FOR IMMEDIATE RELEASE
Contact: John Cushman,
DU New York State Chairman
Ducks Unlimited and Suffolk County Parks
Host Long Island Outdoor Conservation Festival
Public Welcome to Attend!
Flanders, NY – May 24, 2006 – On Saturday, June 10, 2006, Ducks Unlimited, in cooperation with Suffolk County Parks, will be hosting this year’s Long Island Outdoor Conservation Festival! The festival will have an “art fair” appeal with plenty of hands-on activities for the avid outdoorsman/woman to the nature lover! Kids of all ages will be entertained as well!
The day will consist of:
· Federal Junior Duck Stamp Awards Ceremony (New York entrants)
· Sporting Dog Demonstrations
· Decoy Carvers, Collectors & Exhibits
· Goose Silhouette Painting
· Nature Trail Walks
· Fly Fishing and Casting Clinics
· Environmental Exhibits & Displays
· Preview to the DU Waterfowling Museum
· Decoy Head Painting
· Woodduck Box Building
· Duck/Goose and Turkey Calling Seminars
· Live Birds of Prey Demonstration
Festivities will take place from 9am to 3pm and will be held at Suffolk County’s Hubbard County Park, & DU’s Center for Wetlands and Waterfowling, located off Route 24 in Flanders, New York. The festival is open to the general public, and will be held rain or shine under several tents on site! For admission, a voluntary contribution of $5 per adult is suggested and kids are free (no-one will be turned away)!

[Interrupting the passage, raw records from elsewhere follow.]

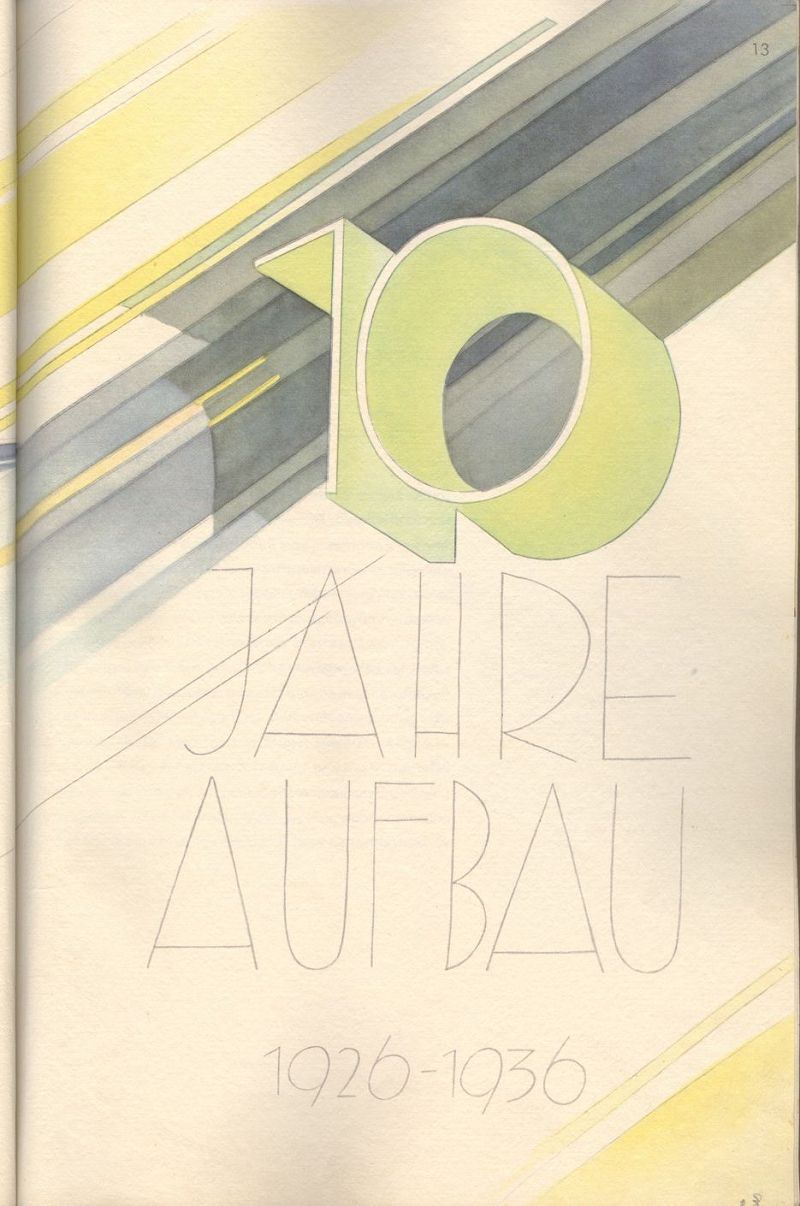 Jahrbuch der Lufthansa 1926 - 1936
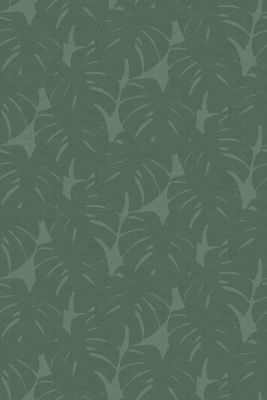 Origin Wallcoverings papier peint panoramique feuilles avec structure tissée vert - 200 x 300 cm - 357228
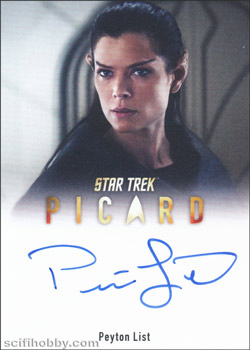 Picard Season One A14 Peyton List Autograph Card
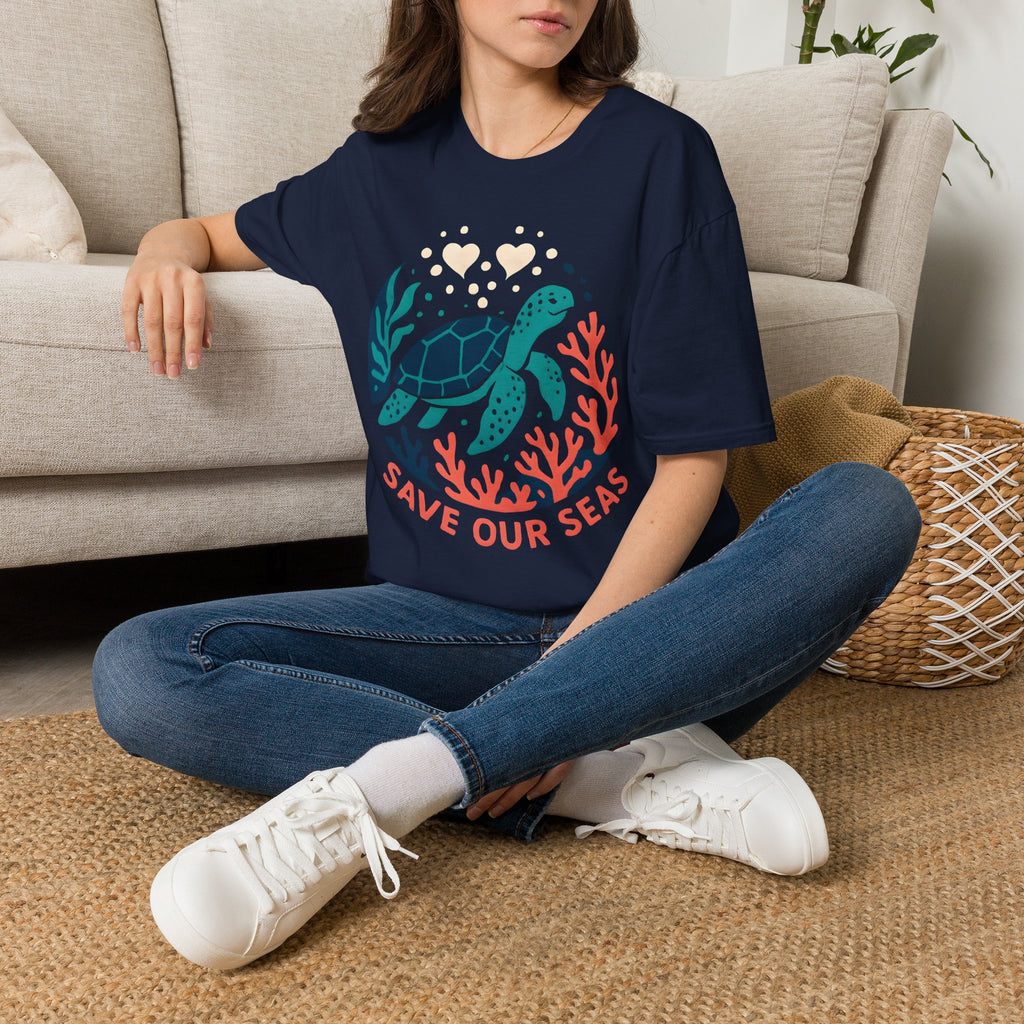 Save Our Seas Sea Turtle T-Shirt — Ocean Conservation Tee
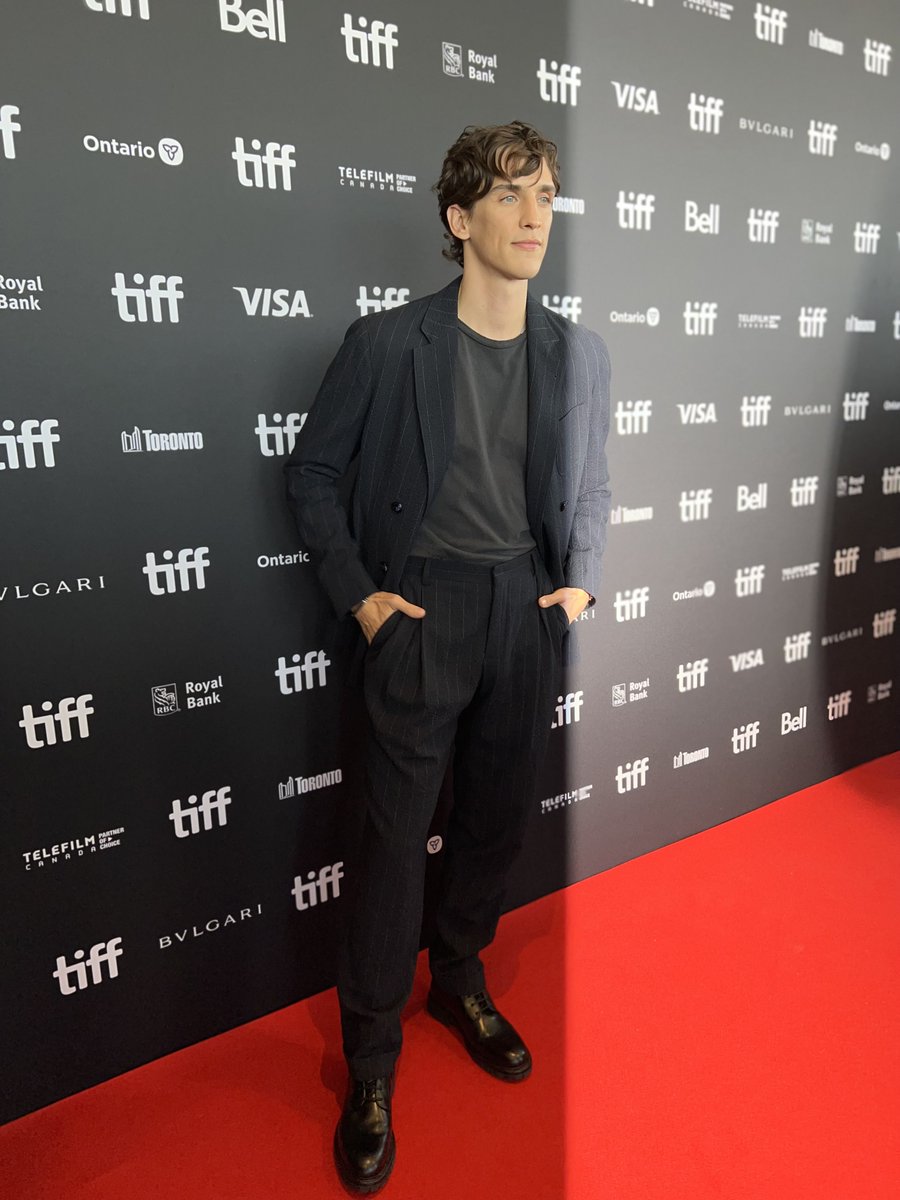 SonyPictures's tweet photo. .@nargrove has arrived to the World Premiere of #DevotionMovie at #TIFF22. @DevotionMovie https://t.co/lXkd388Sbc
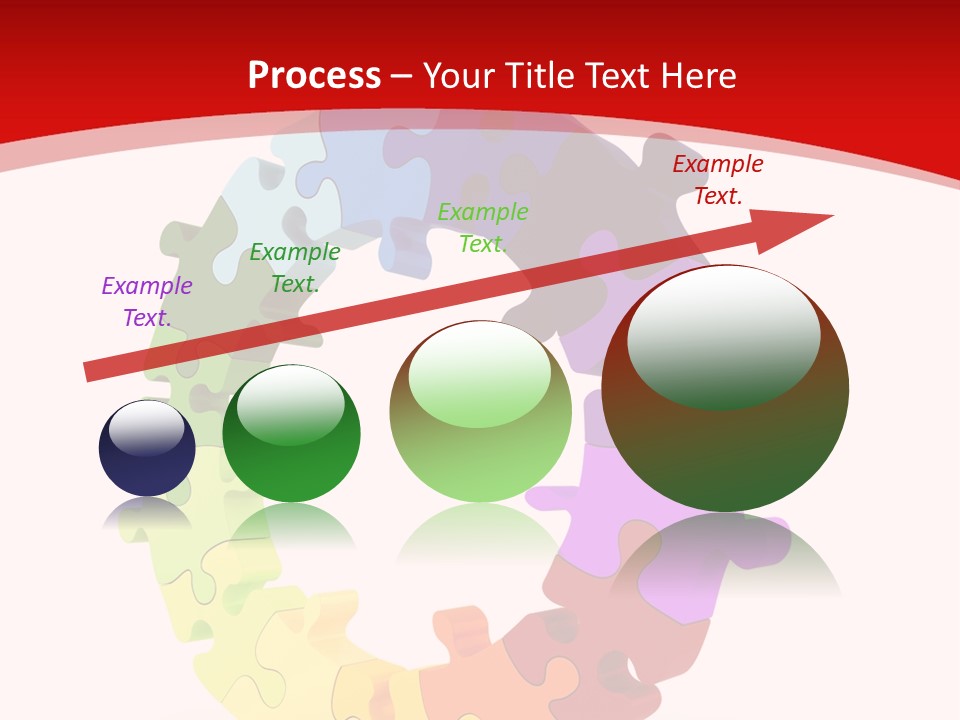 Puzzle Background Isolated PowerPoint Template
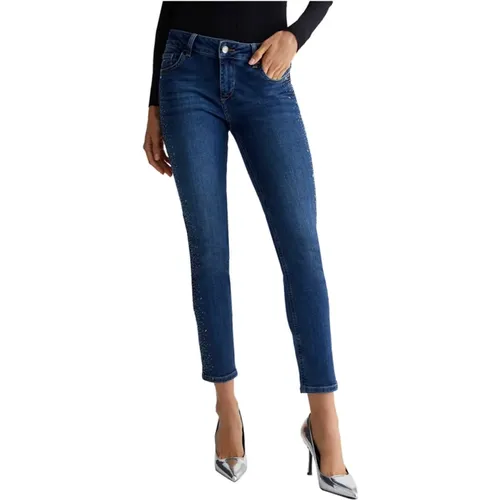 Blaue Slim Fit Jeans Trendy , Damen, Größe: W30 - Liu Jo - Modalova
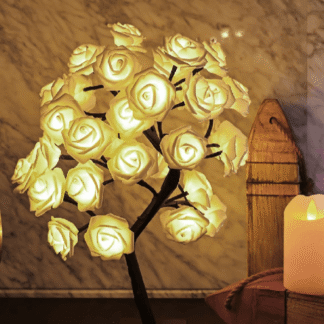 24 LED Rose Flower Tree Lamp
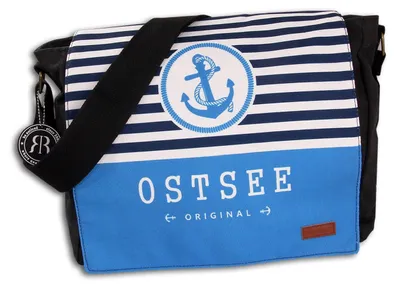 Produktbild von Robin Ruth Tasche Umhängetasche schwarz hellblau OTG5110B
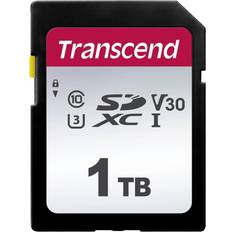 1 TB Schede di memoria Transcend 300S SDXC Class 10 UHS-I U3 V30 100/40MB/s 1TB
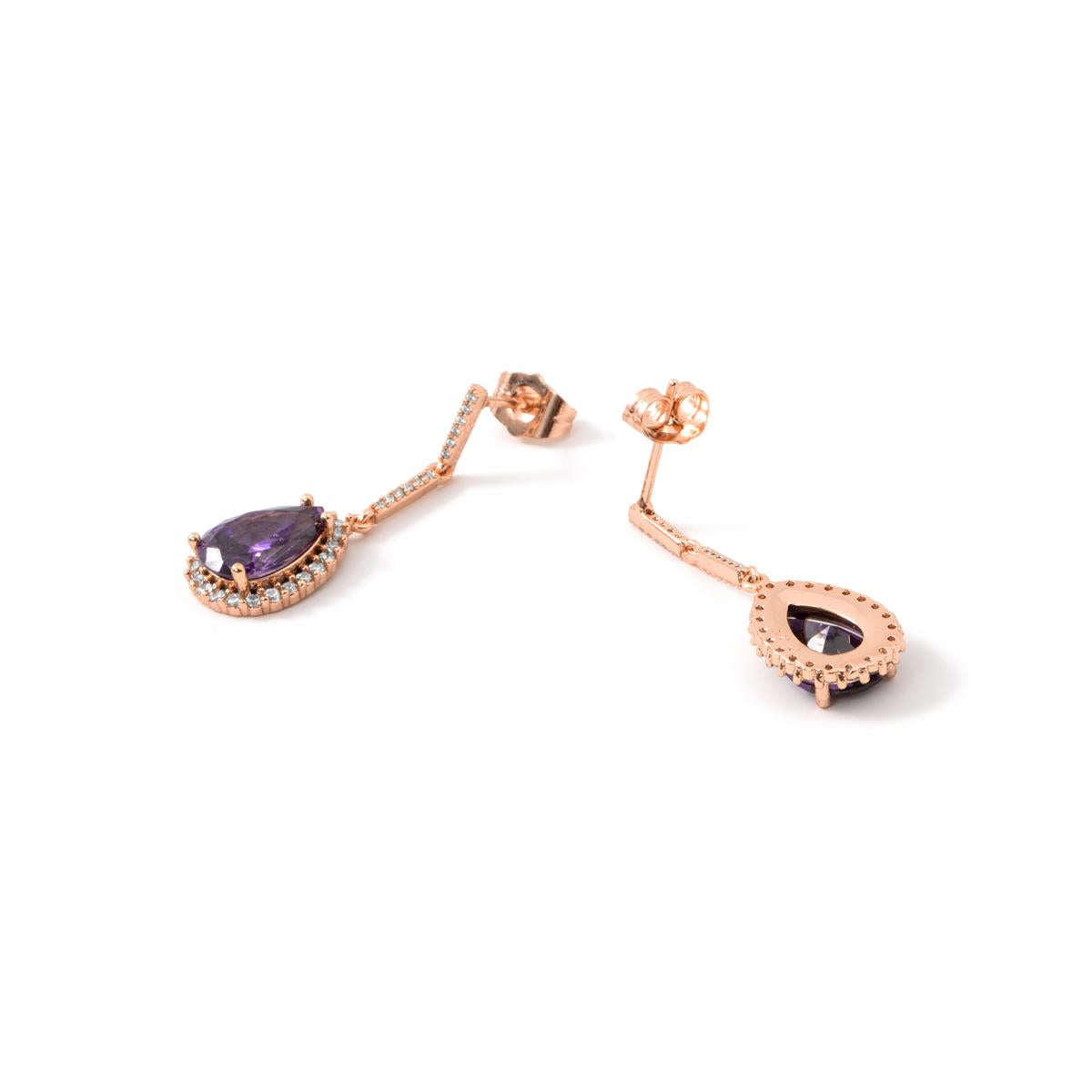 Pendientes Cerbi acabado oro rosa 18k - Cerbi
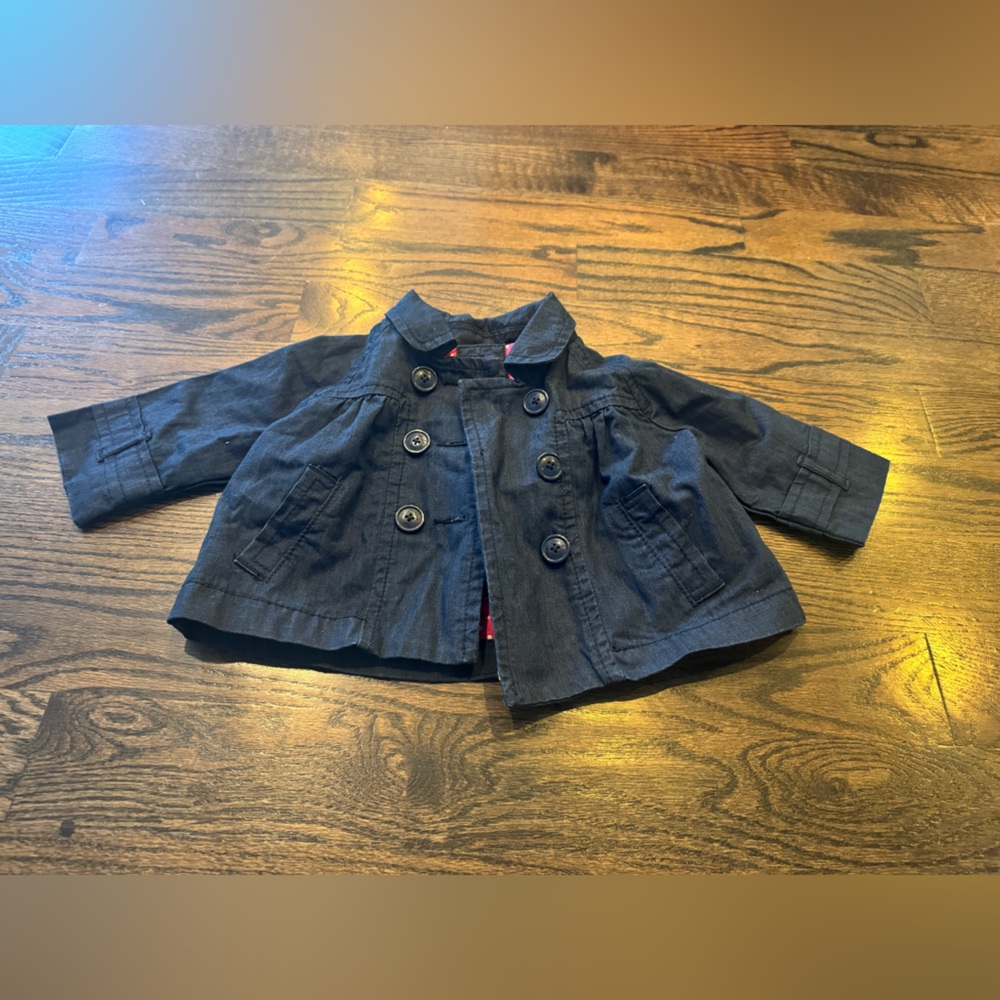 GAP Dark Blue Kids denim Pea Coat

Other organizations with representative displays will be the US Fish & Wildlife Service, New York State DEC, Trout Unlimited, The Nature Conservancy, Suffolk County Parks, New York Sea Grant, South Shore Waterfowlers, 4-H, Cornell Cooperative Extension, Sierra Club, and many others.
Ducks Unlimited merchandise will be available for purchase as well as beautiful decoy carvings and artwork from local artisans.
For more information, please contact John Cushman @ (631) 298-8213.
With more than a million supporters, Ducks Unlimited is the world’s largest and most effective wetland and waterfowl conservation organization. The United States alone has lost more than half of its original wetlands - nature’s most productive ecosystem - and continues to lose more than 80,000 wetland acres each year.